My blog is once again in a suspended state. However, I wanted to shoot off an initial, poorly researched, emotional reaction to Kentucky's recent presidential primary.
Much has been noted in national discourse about the racist nature of Sen. Hillary Clinton's support in the Kentucky primary. As a lifelong resident of the Bluegrass state, I can say - at least anecdotally - that it is highly probable that racism was a large factor in Sen. Clinton's landslide victory here.
The
exit polls show that Sen. Clinton took 72% of the white vote, with whites making up 89% of the voters, while Sen. Barack Obama took 90% of the black vote, with blacks making up 9% of the voters. 21% of Kentucky voters said that race was an important factor in their vote. 7% even said that race was
the most important factor. 18% of white voters listed race as an important factor in the election.

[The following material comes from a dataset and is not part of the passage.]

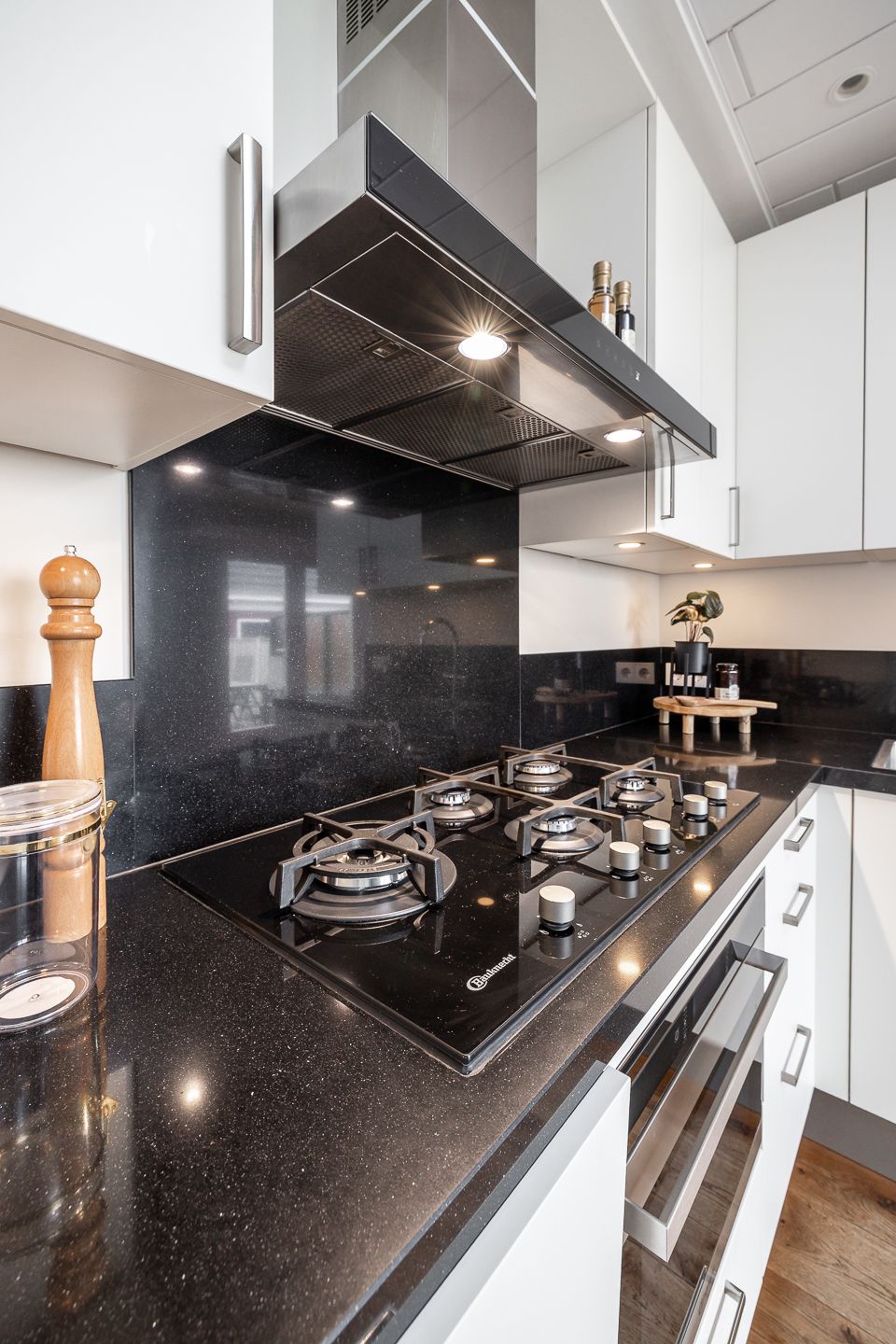 Photo 48 of Pieter Janszoon Jongstraat 143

Of those 88% cast their vote for Sen. Clinton, while only 9% voted for Sen. Obama.
These numbers have been used to say various things. Among them, that Sen. Obama has "work to do" to "reach out" to "blue collar whites." Sen. Clinton even uses numbers like these - which are the foundation of her success in Appalachia - to argue that she can build a "broader base."
It has also been widely noted that Kentucky's Democrat voters are considerably more conservative than their national counterparts. I couldn't flip the channel to MSNBC or CNN yesterday without hearing some talking head note that, without, of course defining what is meant here by "conservative" or providing any context for Kentucky politics.
All of this amounted to a painful evening for me last night. Painful because my state's primary provided yet another pretense for the continuation of Sen. Clinton's impossible and divisive quest for the Democratic nomination. Painful because my state is being held up (perhaps rightly) as an example of the triumph of racism in American politics, a narrative that adds yet another hurdle for the Obama campaign to jump over. And painful because so much of this narrative is misleading.
Kentucky's voters in the Democratic primary - especially those outside Lexington and Louisville (Obama took 55% of the urban vote), who voted almost unanimously for Sen. Clinton - are called "conservative Democrats," or Blue Dogs. But perhaps many of them could be more accurately labeled "Democrats locally, Republicans nationally." This is because the state Democratic party has operated here as a machine - in many districts, even and especially rural, conservative districts, you can't crack into local politics without registering as a Democrat. Many local races are determined in the Democratic primary.
While this has changed some in the last decade or so, the lingering effects of the political machine are that the sympathies of many voters registered in the state of Kentucky as Democrats lean far more toward the Republican party. Sen. Clinton may rightly claim this as Clinton country (her husband carried Kentucky twice), but this is also Bush country. In fact, president George W. Bush enjoyed far more success here than President Clinton. And, no matter how she wants to spin it, Sen. Clinton - though she won the Democratic primary here by more than 200,000 (almost 250,000) votes - would have no hope of carrying my home state in the general election, even if she were able to somehow steal the Democratic nomination in what
Jack and Jill Politics has dubbed her "deathmarch to Denver."
The exit polls indicated that a full 32% of voters in the Democratic primary plan to vote for Sen. John McCain in the general election. Of those voters, 85% backed Sen. Clinton in the primary. In other words, her "broad base of support" rests on voters who - while registered as Democrats in the Commonwealth of Kentucky - plan to support the presumptive
Republican nominee for president.
Unlike polls in other states, in which the phenomenon of Clinton supports threatening to vote for McCain to spite Obama after a long, difficult primary, I suspect this is a real number. Given the climate of politics in Kentucky, I suspect more than seeing Clinton supporters lashing out at Obama, we have here McCain supporters voting for Clinton because - for local reasons - they are registered as Democrats, and thus must vote in the Democratic primary.
So Sen. Clinton's campaign was propped up here not just by the racist vote, but also - though we in Kentucky have a closed primary - by the Republican vote. This, then, hardly counts as a reason to either doubt Sen. Obama's viability as a candidate, or to believe that Sen. Clinton would be a stronger candidate in the general election. We didn't learn anything here that we didn't already know: Neither of these candidates will carry Kentucky in the fall.